Years ago, while watching the evening news, I saw something that I’ll never forget. A woman in a courtroom had just received a verdict for something she’d been accused of concerning her children. I can’t remember what exactly it was, only that is was pretty rotten. But what struck me was her outburst in response. As they were taking her out of the courtroom she was in tears crying out over and over, as if defending herself against the real charge, “I am not a bad person, I am not a bad person!” Had she been living in reality it would have already been settled in her heart and mind that not only was she not a good person, the fact that she wasn’t was probably one of the few things that she had in common with every other person in the room. That word “good”, in her judgement of self, called forth a standard. This is true for all of us. Without first accepting that our judgments demand a basis, it is quite impossible for us to reside in the land of reality. This is certainly true if we are making moral judgements, and especially true if we are making them about ourselves.

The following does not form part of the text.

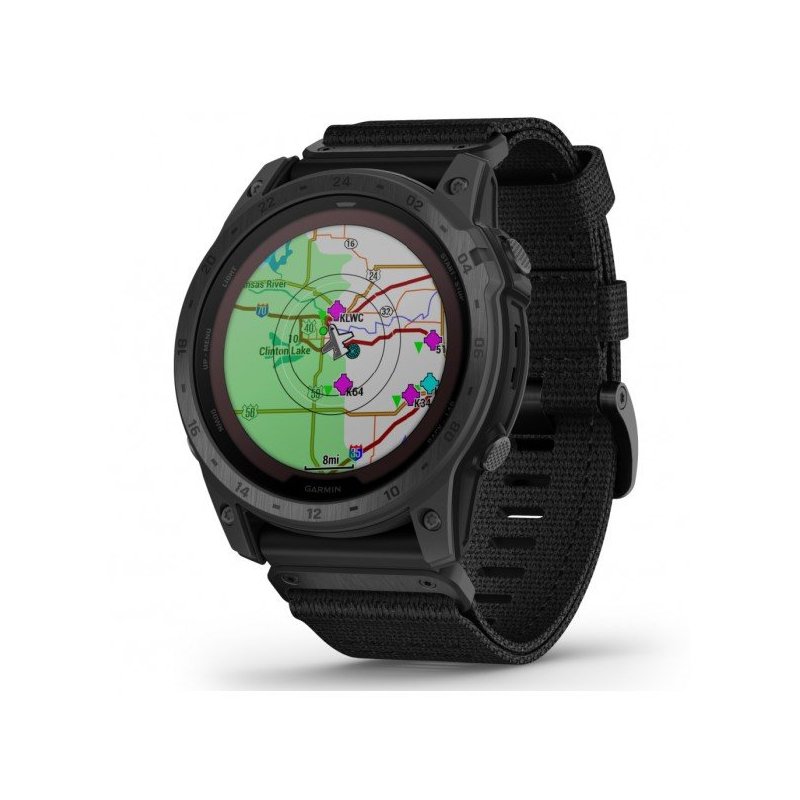 Smartwatch Garmin Tactix 7 PRO Solar 010-02704-11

When we are exploring the condition of man, you see, we are not so much attempting to answer the question, “Is man basically good?”, as we are attempting to define an all too common word in the English language. Man is by his nature quick to run to his own defense when his basic goodness is in question. He will in general declare it as a self-evident-truth in the same way the convicted woman did when she insisted that she was, in spite of and after all the evidence to the contrary, a good person. But is this reality? Is man really basically good?
When we hear someone assume man’s goodness, or appeal to it in defense of a popular sin, we can know that “good” was generally defined loosely by a bunch of assumptions that are as common as the word itself. But don’t you make those assumptions. Know that the word always necessarily refers to a standard. So to answer the question concerning our goodness, we must first seek the standard to which the word refers. The standard we humans usually appeal to is no standard at all but rather an emotional opinion, our own. “I am a good person. Why you ask? Because I think so, that’s why.” But the Bible presents us with another standard, the very standard as it turns out that God will measure us by, and so therefore the same standard by which we ought to measure ourselves while we can. And that standard is nothing less than perfection.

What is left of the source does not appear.